AUTHOR=Shi Mingyue , Niu Junwei , Niu Xiaona , Guo Honggang , Bai Yanliang , Shi Jie , Li Weiya , Sun Kai , Chen Yuqing , Shao Fengmin 

TITLE=Lin28A/CENPE Promoting the Proliferation and Chemoresistance of Acute Myeloid Leukemia

JOURNAL=Frontiers in Oncology

VOLUME=Volume 11 - 2021

YEAR=2021

URL=https://www.frontiersin.org/journals/oncology/articles/10.3389/fonc.2021.763232

DOI=10.3389/fonc.2021.763232

ISSN=2234-943X

ABSTRACT=The prognosis of chemo-resistant acute myeloid leukemia (AML) is still poor, mainly owing to the sustained proliferation ability of leukemic cells, while the microtubules have a major role in sustaining the continuity of cell cycle. In the present study, we have identified CENPE, a microtubular kinesin-like motor protein that is highly expressed in the peripheral blood of patients with chemo-resistant AML. In our in vitro studies, knockdown of CENPE expression resulted in the suppression of proliferation of myeloid leukemia cells and reversal of cytarabine (Ara-C) chemo-resistance.
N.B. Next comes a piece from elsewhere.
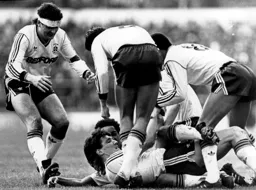 The Town players celebrate Mick Harford scoring the opening goal in the FA Cup Semi-Final but sadly we went down 2-1 to Wimbledon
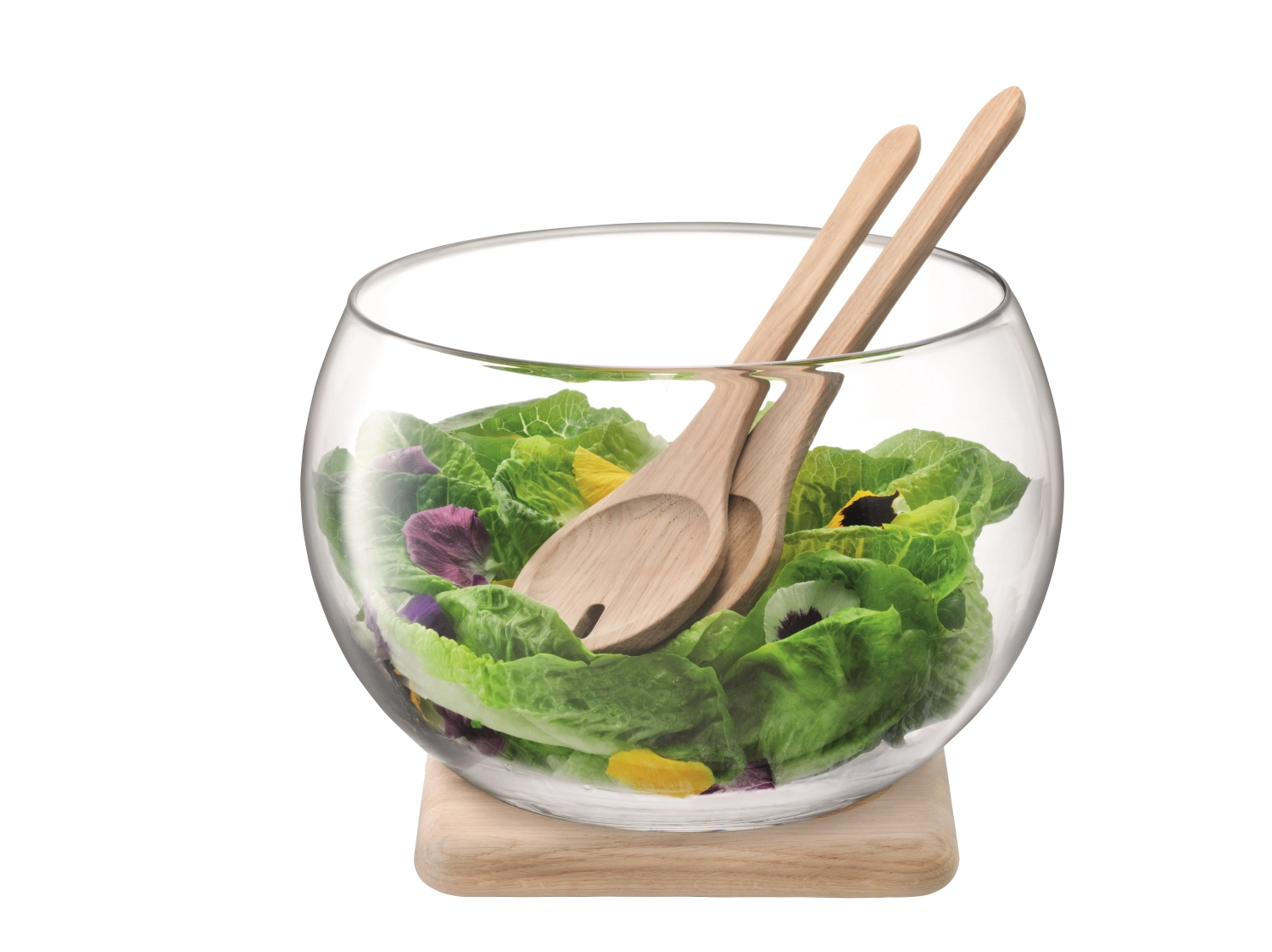 Serve Salat-Set und Platte aus Eiche D27cm klar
Furthermore, Lin28A, one of the RNA-binding oncogene proteins that increases cell proliferation, invasion and contributes to unfavorable treatment responses in certain malignancies, was found to be remarkably correlated with CENPE expression in chemo-resistance AML. Overexpression of LIN28A promoted the proliferation and Ara-C chemo-resistance of leukemic cells. RIP assay, RNA pull-down and dual luciferase reporter analyses indicated that LIN28A bound specifically to the promoter region-GGAGA of CENPE. In Addition, the impacts of LIN28A on cell growth, apoptosis, cell cycle progression and Ara-C chemo-resistance were reverted by the knockdown of CENPE. Hence, Lin28A/CENPE has enhanced the proliferation and chemo-resistance of AML and therefore it could be a prospective candidate for AML treatment.